# Task description
Among the records below, find the line with "LEVN Bluetooth Headset, Wireless" and the line with "Curried carrot soup". Set down both and every line between, exactly and with no pictures, but nothing else.

# Data
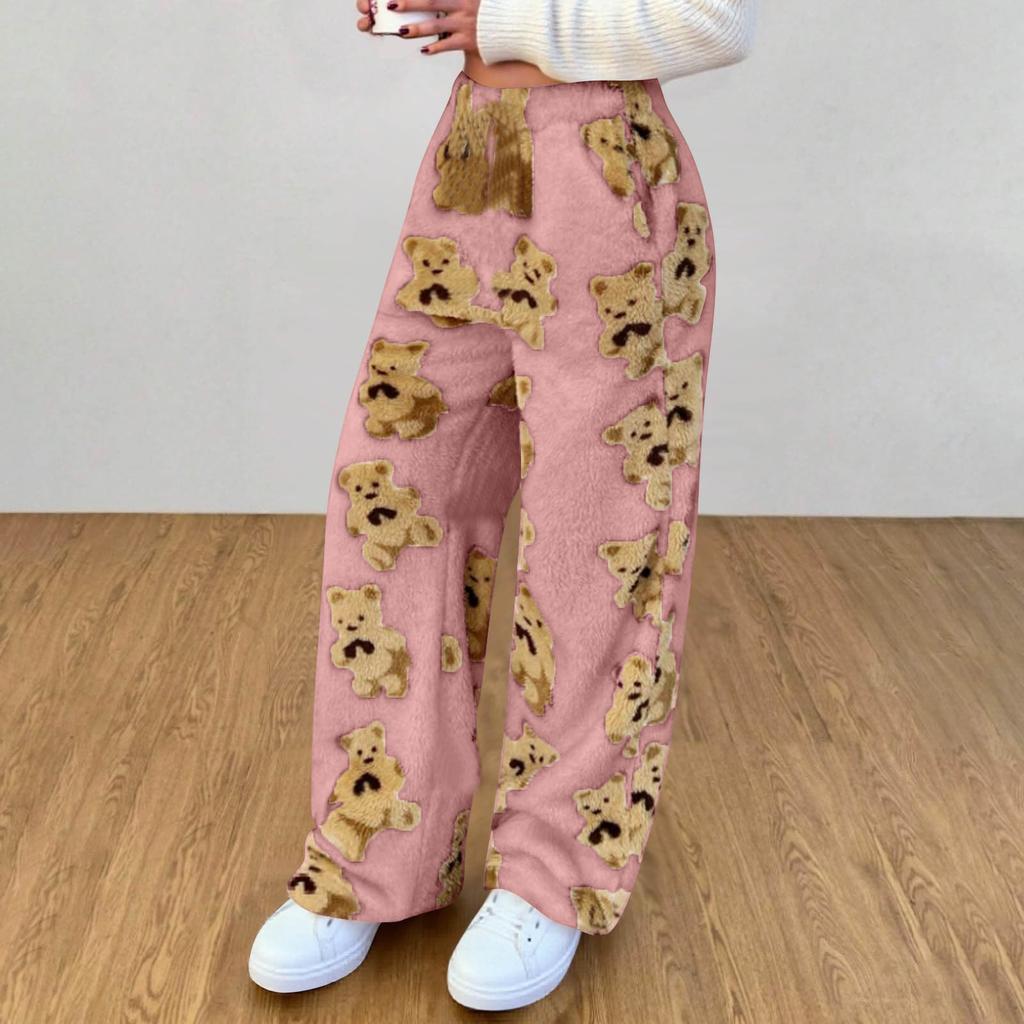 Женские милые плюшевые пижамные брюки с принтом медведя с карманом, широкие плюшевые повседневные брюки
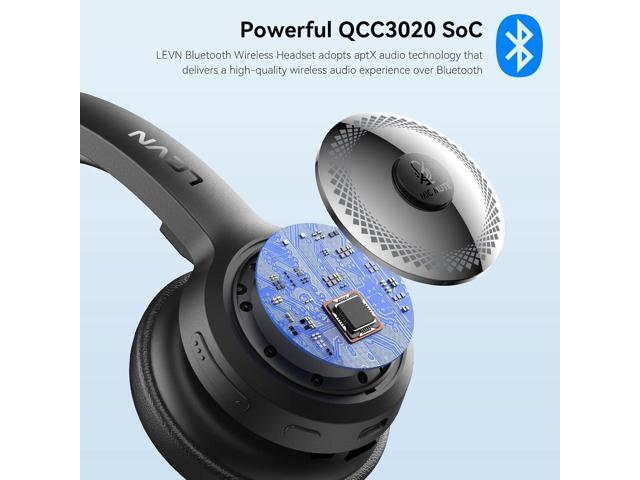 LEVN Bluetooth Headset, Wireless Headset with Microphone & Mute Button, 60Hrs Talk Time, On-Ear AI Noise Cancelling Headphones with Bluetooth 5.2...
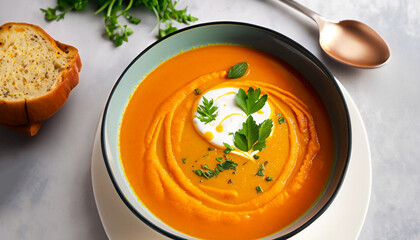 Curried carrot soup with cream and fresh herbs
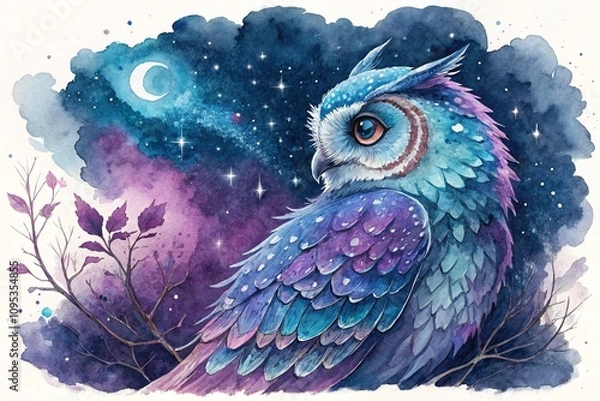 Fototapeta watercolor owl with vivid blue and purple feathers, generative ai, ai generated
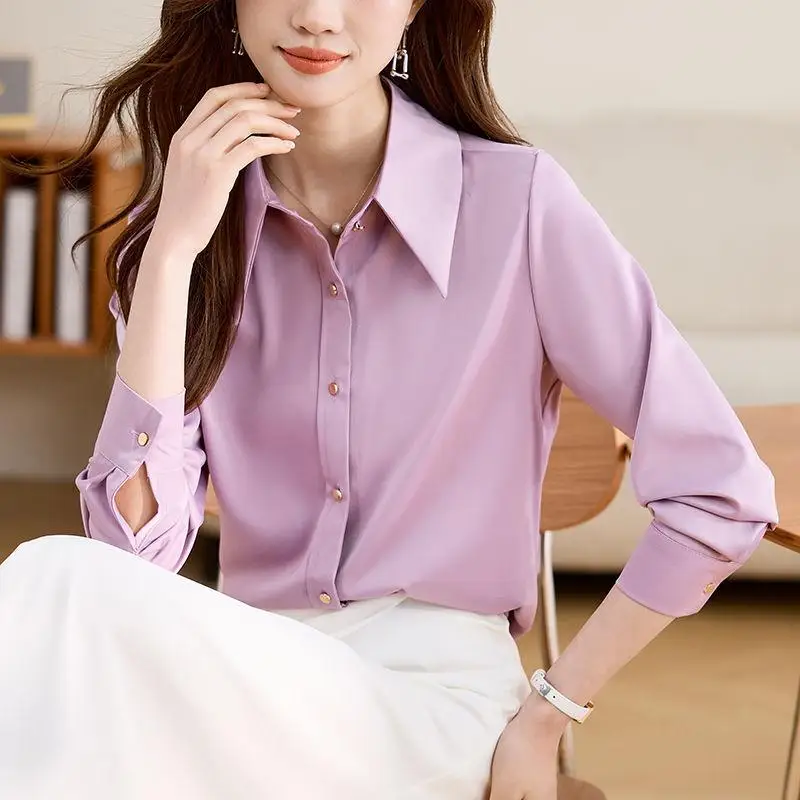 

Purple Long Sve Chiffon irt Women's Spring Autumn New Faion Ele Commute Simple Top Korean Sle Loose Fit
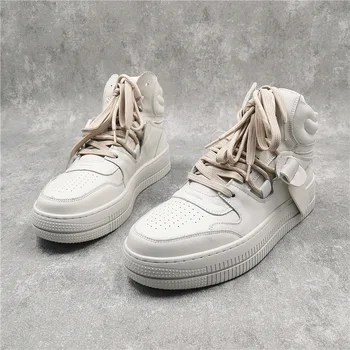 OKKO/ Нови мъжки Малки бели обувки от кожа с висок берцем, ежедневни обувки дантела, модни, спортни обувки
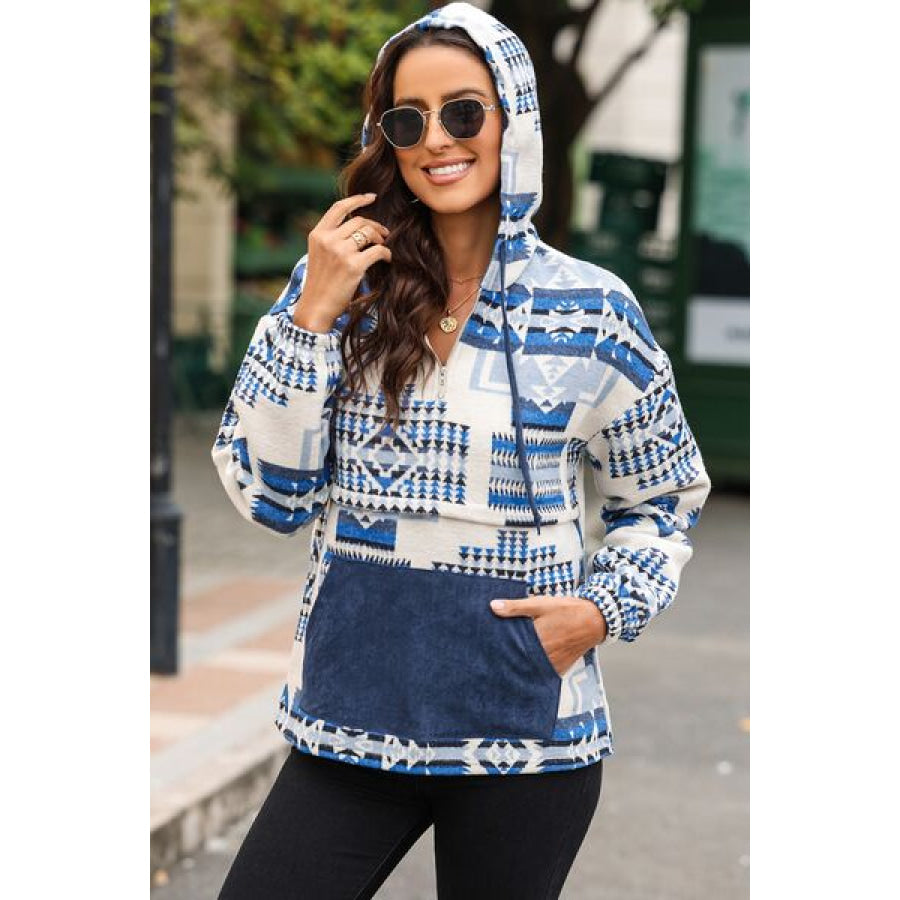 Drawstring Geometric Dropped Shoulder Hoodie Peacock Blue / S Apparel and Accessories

# Expected answer
 LEVN Bluetooth Headset, Wireless Headset with Microphone & Mute Button, 60Hrs Talk Time, On-Ear AI Noise Cancelling Headphones with Bluetooth 5.2...
 Curried carrot soup with cream and fresh herbs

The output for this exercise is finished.